View 2020 Release Prices        


Another unusual Bordeaux En Primeur campaign is on the cards. Unusual on account of COVID 19, with few merchants visiting the region to taste in situ and therefore we are reliant once more on samples being sent to the UK. Unusual given the timing of the campaign has been pushed back and in fact individual Châteaux are likely to adopt completely different release schedules, doing their best to judge the right time to release. Samples are still landing in the UK, and yet Cheval-Blanc has opted to be the first major release coming onto the market yesterday morning (11th May) at a price which is a fraction higher than last year.

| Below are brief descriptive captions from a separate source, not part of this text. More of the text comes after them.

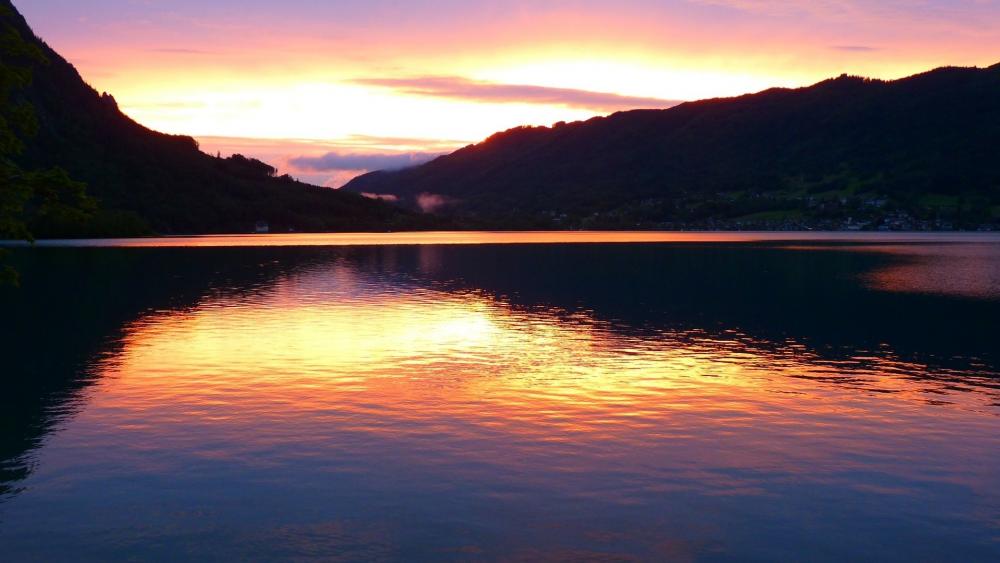 Serene Sunset Over Tranquil Lake View wallpaper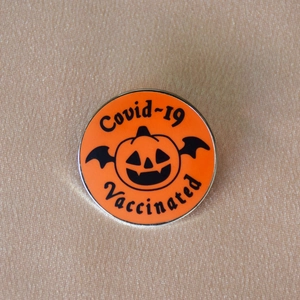 Detail of Jack-o'-lantern enamel pin with bat wings and Covid-19 Vaccinated text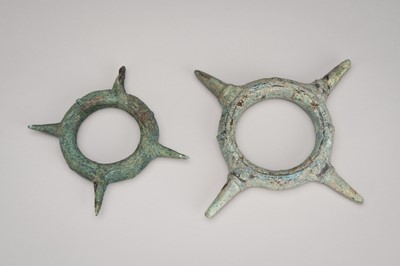 Lot 1091 - A PAIR OF STAR-SHAPED BRONZE WARRIOR’S BRACELETS, DONG SON CULTURE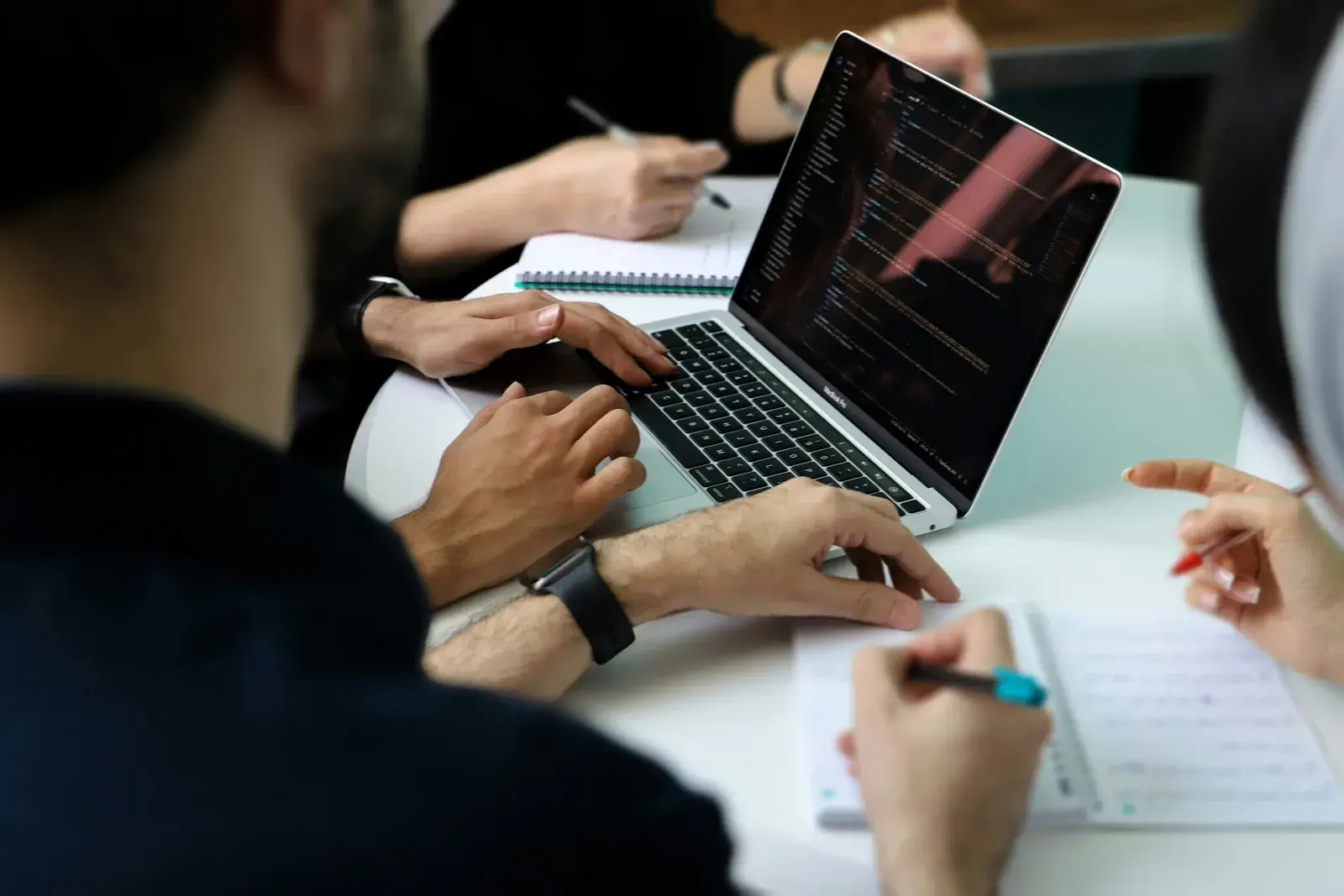 Close-up of laptop and people's hands at a workshop table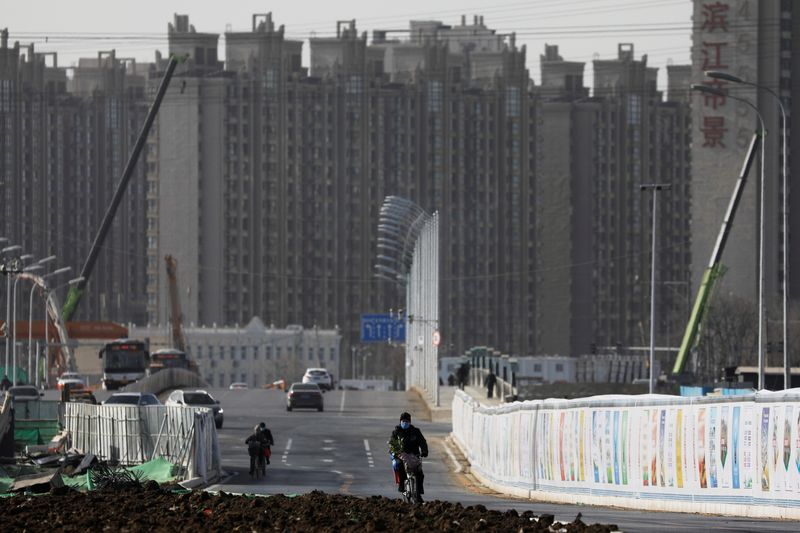 © Reuters. FILE PHOTO: A man rides a bicycle next to a construction site near residential buildings in Beijing, China, January 13, 2021.  REUTERS/Tingshu Wang/File Photo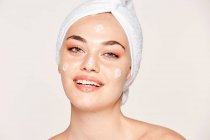 Mulher encantada com pele radiante aplicando creme — Fotografia de Stock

There is no perfect substitute for tasting at the Châteaux – it has been proven to us time and again that visiting the individual Châteaux provides the best opportunity for assessment. Not only are the samples fresh, served at the correct temperature and vetted by trained staff, but we also gain an insight into the vintage via our conversations with numerous technical directors and winemakers.  This is all part of the professional enjoyment of a Bordeaux campaign, collecting commentary and piecing together the puzzle to understand how the region fared as a whole and which sub-regions and Châteaux excelled. Fortunately, the key Châteaux with whom we work, have embraced the idea of sending samples more widely than was the case last year and like every other field of commerce, Zoom tastings have become the accepted norm. All of this means that we have more direct contact than last year, which as you read through the following report you might see as more necessary than ever before in understanding this complicated vintage.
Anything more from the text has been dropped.